Given a specific problem, can we compute how much accuracy we expect to lose by using a
specific SRNN? * Can we use these bounds together with the runtime analysis of claims 1 and 2
to draw tradeoff between accuracy and inference cost like in Figure 2? To me the strength of
this paper is the proposed model and ist implementation on small chips (video in the
supplement) as well as the empirical study. I would have been curious for a discussion on how
the proposed architecture relates to convolutional networks. It seems to me that by setting w
small, k small and L large, you almost have a convolutional network where the filter is a small
RNN instead of a typical filter. In the introduction, it is mentioned that CNNs are considered
impractical. I am curious; could it be that in the regimes for which the accuracy of SRNN is
acceptable (Claims 3 and 4) they are actually also impractical? Complexity similar to CNNs?

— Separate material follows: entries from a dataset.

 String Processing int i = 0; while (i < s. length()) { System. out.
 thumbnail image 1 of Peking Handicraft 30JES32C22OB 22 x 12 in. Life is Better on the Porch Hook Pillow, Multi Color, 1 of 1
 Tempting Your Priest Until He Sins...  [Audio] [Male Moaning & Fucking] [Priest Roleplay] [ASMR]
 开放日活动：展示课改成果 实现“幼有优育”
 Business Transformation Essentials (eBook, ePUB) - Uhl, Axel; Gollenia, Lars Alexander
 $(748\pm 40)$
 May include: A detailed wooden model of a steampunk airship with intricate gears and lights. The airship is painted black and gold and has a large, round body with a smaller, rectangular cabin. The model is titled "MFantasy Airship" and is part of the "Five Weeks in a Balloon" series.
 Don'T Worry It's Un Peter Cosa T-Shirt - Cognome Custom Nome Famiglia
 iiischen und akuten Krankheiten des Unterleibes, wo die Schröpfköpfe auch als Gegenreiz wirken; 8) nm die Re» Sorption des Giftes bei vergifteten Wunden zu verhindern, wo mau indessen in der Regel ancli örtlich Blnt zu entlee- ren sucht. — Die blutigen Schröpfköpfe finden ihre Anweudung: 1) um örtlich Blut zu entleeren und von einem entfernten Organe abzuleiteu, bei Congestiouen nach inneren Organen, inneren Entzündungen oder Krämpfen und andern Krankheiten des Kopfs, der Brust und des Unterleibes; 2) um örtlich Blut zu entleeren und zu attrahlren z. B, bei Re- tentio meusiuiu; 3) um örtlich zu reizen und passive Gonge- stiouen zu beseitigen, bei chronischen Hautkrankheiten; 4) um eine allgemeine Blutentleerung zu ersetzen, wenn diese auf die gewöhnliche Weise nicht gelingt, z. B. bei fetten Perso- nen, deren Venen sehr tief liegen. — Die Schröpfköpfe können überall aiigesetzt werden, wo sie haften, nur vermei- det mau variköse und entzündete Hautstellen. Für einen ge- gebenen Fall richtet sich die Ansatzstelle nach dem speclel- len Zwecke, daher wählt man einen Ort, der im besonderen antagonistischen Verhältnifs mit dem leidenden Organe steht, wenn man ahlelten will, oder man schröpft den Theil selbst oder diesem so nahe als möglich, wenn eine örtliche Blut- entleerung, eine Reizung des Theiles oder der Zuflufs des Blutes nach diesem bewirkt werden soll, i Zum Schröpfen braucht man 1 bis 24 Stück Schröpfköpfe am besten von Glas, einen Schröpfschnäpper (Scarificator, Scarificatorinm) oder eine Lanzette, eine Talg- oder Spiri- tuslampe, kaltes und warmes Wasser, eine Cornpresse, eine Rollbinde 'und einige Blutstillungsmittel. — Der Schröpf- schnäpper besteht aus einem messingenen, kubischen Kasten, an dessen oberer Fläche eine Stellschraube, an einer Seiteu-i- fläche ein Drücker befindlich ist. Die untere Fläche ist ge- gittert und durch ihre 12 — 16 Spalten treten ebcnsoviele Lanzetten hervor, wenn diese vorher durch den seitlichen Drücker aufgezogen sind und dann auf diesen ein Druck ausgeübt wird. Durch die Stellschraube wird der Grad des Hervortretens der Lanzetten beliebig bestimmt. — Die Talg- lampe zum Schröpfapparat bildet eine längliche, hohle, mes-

Overall this is a well-written paper with proper motivation, clear design, and detailed theoretical
and empirical analysis. The authors attempt to improve the inference efficiency of RNN models
with limited computational resources while keeping the length of its receptive window. This is
achieved by using a 2-layer RNN, whose first layer parallelly processes small bricks of the
entire time series and the second layer gathers outputs from all bricks. The authors also extend
SRNN in the streaming setting with similar inference complexity. One concern about the bound
in Claim 1 in the streaming setting: In line 137: w is required to be fairly small constant
independent of T. In line 166: w = k * q (w is a multiple of k, and thus k needs to be small
constant) In line 173: The bound becomes O(\sqrt{qT} * C_1) iff k=\sqrt{T/q}, which is not
o(1). Therefore, I was expecting analysis in practical applications with large T and small w. In
SRNN, will the O(T/k) extra memory cost be an issue during inference? The extension of
multi-layer SRNN in Section 3.2 provides at least O(log T) inference complexity. The bound
here is too ideal, but it would be great to see empirically how SRNN performs by adding more
shallow layers. The empirical improvements over LSTM and MI-RNN on multiple tasks are
impressing.
Performance and Deployability
Empirical Results
We are conducting a study study:
a) the effectiveness of MI-ShaRNN with hidden state measurements of both the Rp1q and
Rp2q layers to understand how its accuracy meets the basic models in all different model
sizes,
b) cost-effectiveness improvements by MI-ShaRNN that produce more common
time-line planning problems in addition to the basic and MI-RNN models,
c) if MI-ShaRNN would allow certain timetable configuration functions on devices based
on a small Cortex M4 processor with only 100MHz processor and 256KB RAM. Note
that MI-ShaRNN uses ShaRNN in addition to the prescribed data points provided by
MI-RNN. MI-RNN is known for better performance than basic LSTMs, so naturally
MI-ShaRNN has better performance than ShaRNN. Therefore, we present the results of
the MI-ShaRNN and compare them with the MI-RNN to show the benefits of the
ShaRNN approach. Datasets: We measure our approach to standard data sets from a
variety of domains such as audio keyword detection (Google-13), wake name detection
(STCI-2), activity recognition (HAR-6), sports activity recognition (DSA- 19), action
recognition (GesturePod-5). The number following the hyphen in the database name
indicates the number of classes in the database. in the appendix for more information on
data sets. All data sets are available online with the exception of STCI-2 which is a
related data acquisition dataset. Basics: We compare our MI-ShaRNN (LSTM) algorithm
by comparing the basic LSTM method with the MI-RNN (LSTM) method. Note that
MI-RNN and MI-ShaRNN are built into the RNN cell. For simplicity and consistency,
we have selected LSTM as the base cell for all methods, but we can train each of them
with other RNN cells such as GRU or FastRNN. We used all the algorithms in
TensorFlow and used Adam to train the models. Cortex M4 device access code is written
in C and integrated on the device. All numbers presented are limited to 5 independent
runs. The implementation of our algorithm is released as part of the EdgeML library.
Hyperparameter Selection:
The main hyperparameters are:
a) hidden country sizes on both MI-ShaRNN layers.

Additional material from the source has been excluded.